Mark Schmitt asks,

What sort of guide would most help the nerdy boys and girls of 2009 understand and appreciate American politics? It is likely to be something altogether different from The Almanac of American Politics.

I have, as Matt W was gracious enough to point out, done my share of Congressional history. And the answer to Schmitt’s question is, of course, teh Internets: using the Congressional Biographical Directory, the House history site and the Senate history site, there’s not much you can’t figure out. If you’re minimally competent with a spreadsheet program, you can quickly create entire rosters of who’s in a given Congressional session. Pair that with information like what you get from Keith Poole, and you’re on your way to Congressional nerdtopia. No, don’t thank me.

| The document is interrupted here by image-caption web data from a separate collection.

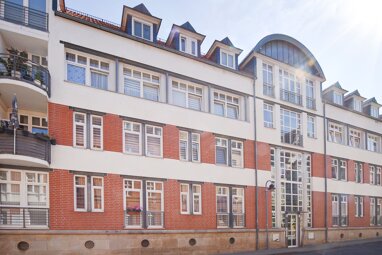 Wohnung zum Kauf 115.000 € 4 Zimmer 86 m² 3. Geschoss Halberstadt Halberstadt 38820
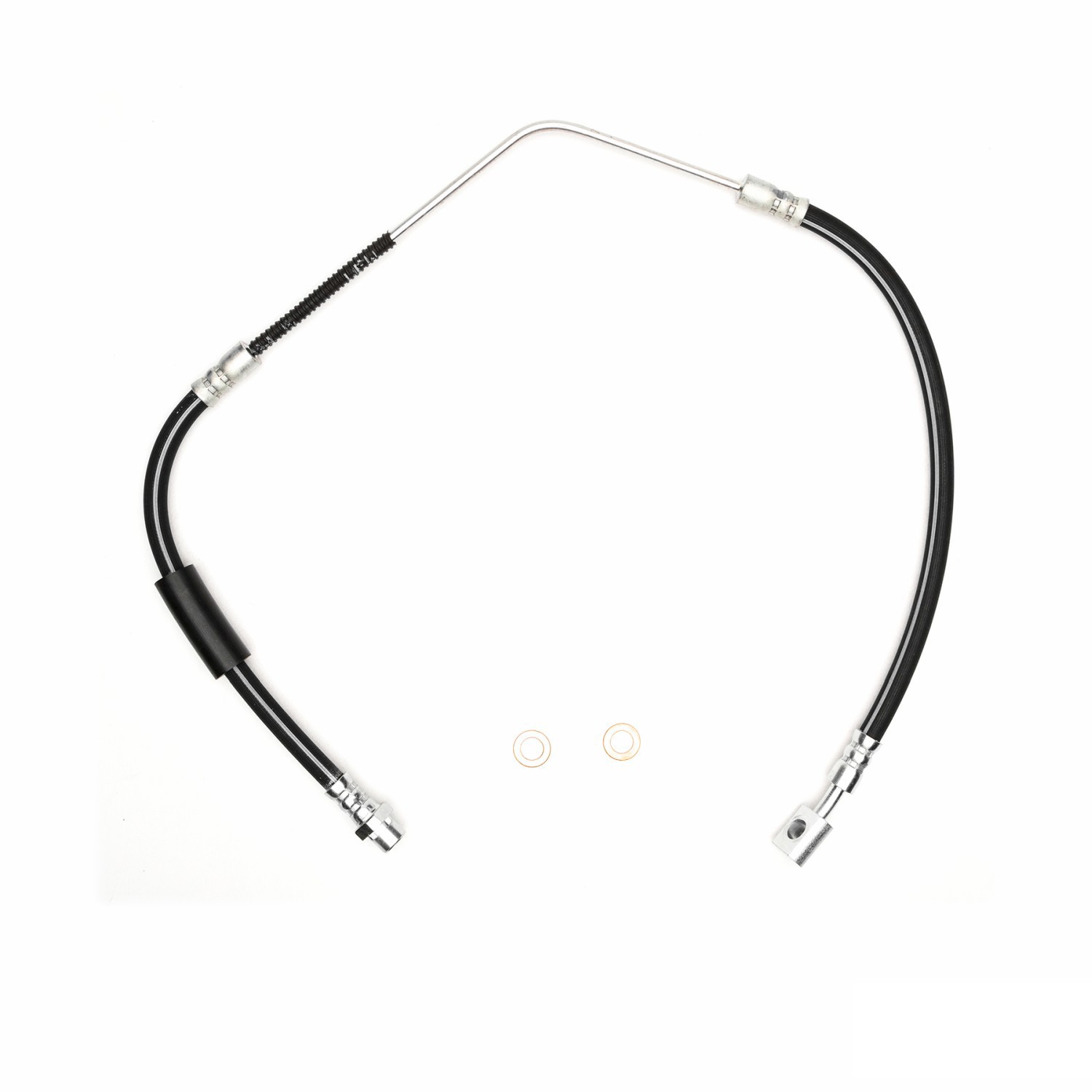 DYN-350-11011 DFC Brake Hose - Image 3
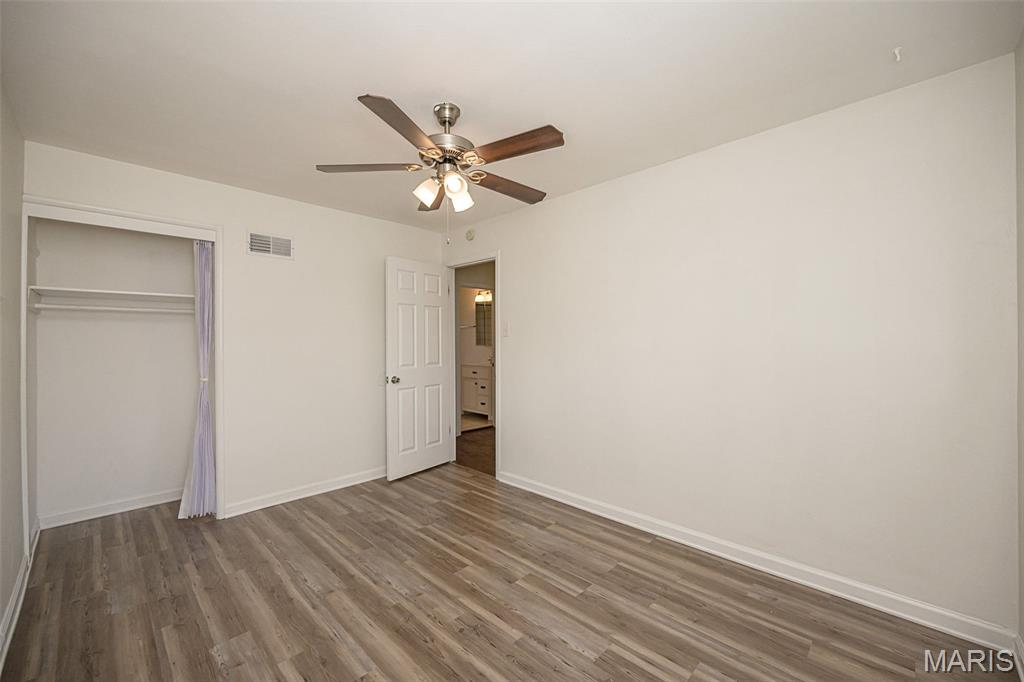 Bellaire Acres - Residential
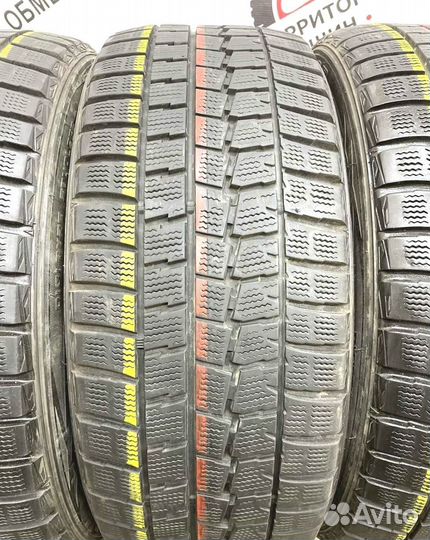 Dunlop Winter Maxx WM01 205/55 R16 90R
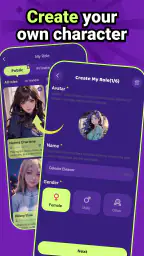 Trend AI - Happy Chat Anytime 5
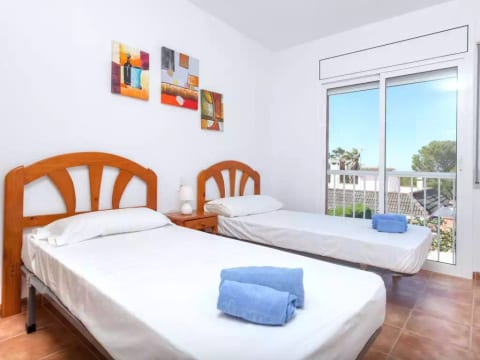 Villa Santa Marta I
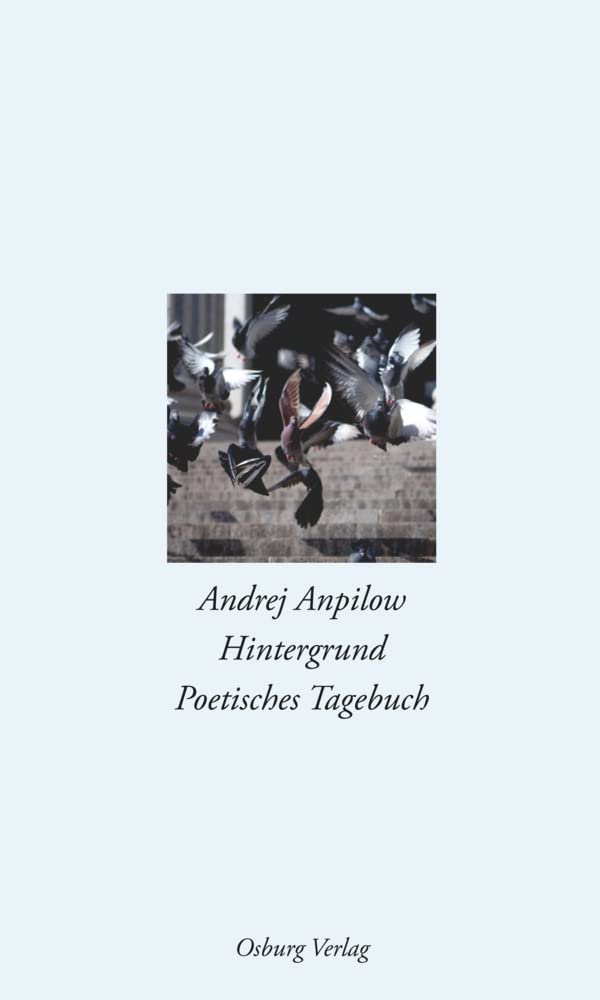 Hintergrund Contemporary literature Books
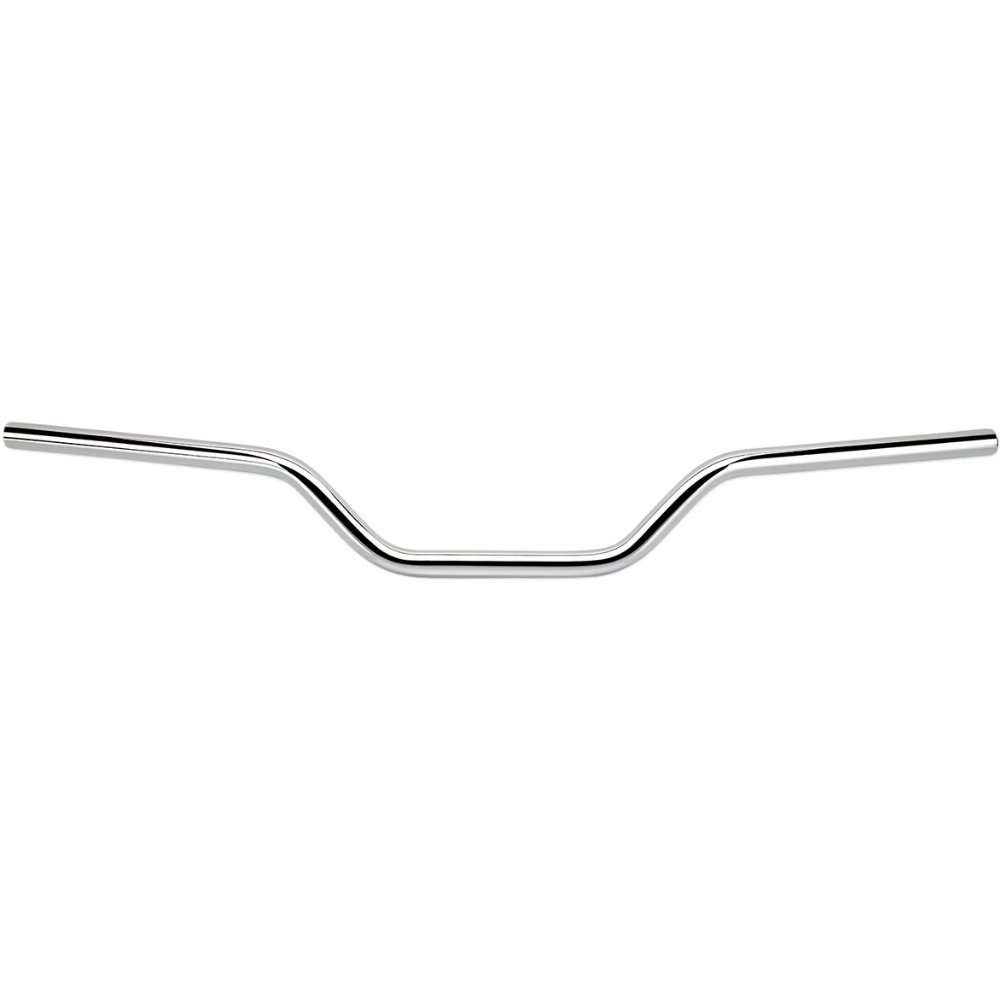 Guidon central Biltwell Tracker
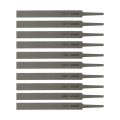 TL-NF10 Edge-Cut Nut File Set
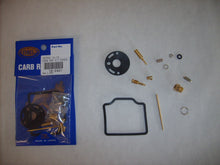 Load image into Gallery viewer, Carburetor Repair Kit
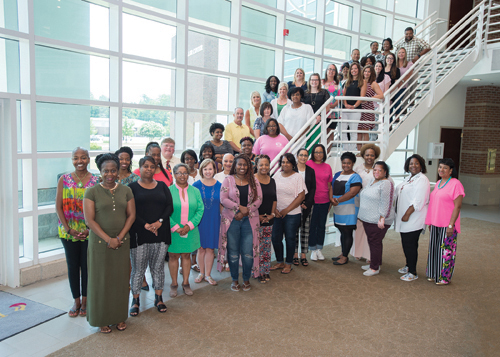 Counselor Institute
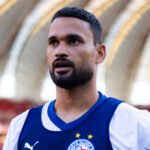 willian josé em jogo do bahia
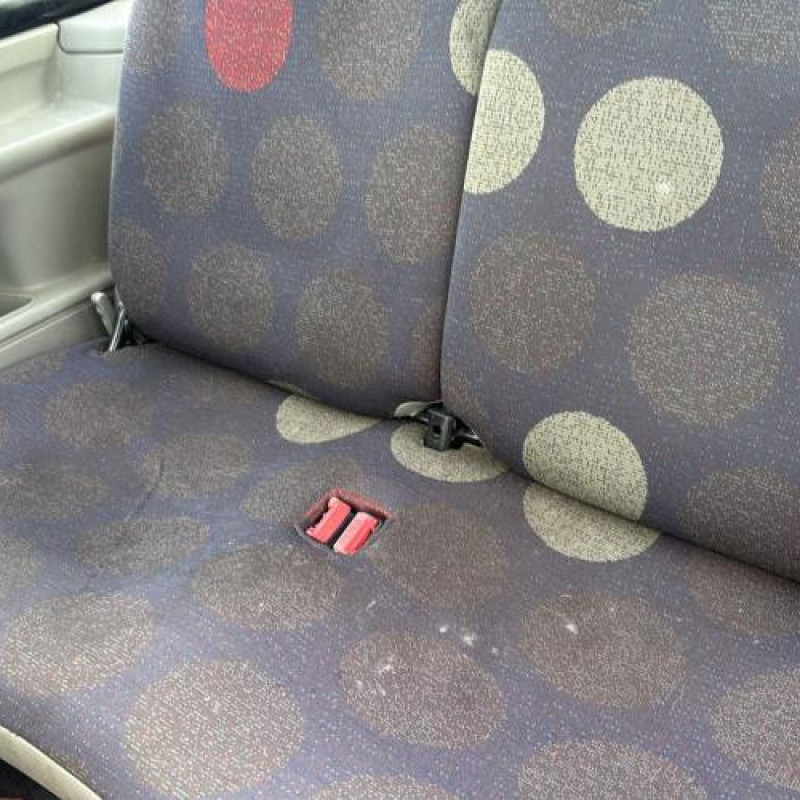 Tambour arriere droit RENAULT TWINGO 1 Photo n°12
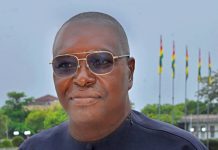 Séna Fombo , un Leader Distingué au Service d’un Togo Uni et Prospère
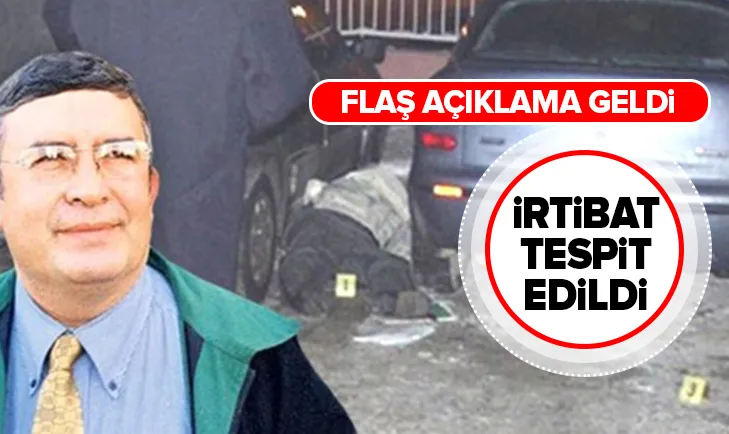 Hablemitoğlu ailesinin avukatından flaş açıklama!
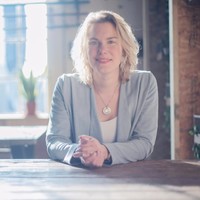 Mieke Van Wijk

But lordy, did Barone really write this book?

In 2004, he authored an entire book, Hard and Soft America, in which various books, ideas, policies, and politicians are classified as either “Hard” (good) or “Soft” (bad). The world of Theodore Dreiser’s novels is admirably Hard, John Dewey’s theories of education are Soft. Social Security: Soft. Rudy Giuliani: Hard. Intellectuals: Soft. Most baby boomers: Soft. But George W. Bush: “a consistent advocate of Hardness.” And the ultimate in Hardness: “our amazing victories in Afghanistan and Iraq.”

Why yes, he did. How did I miss that particular effusion? Let us consult our verities: ah yes, “masculinity in crisis.” Heavens.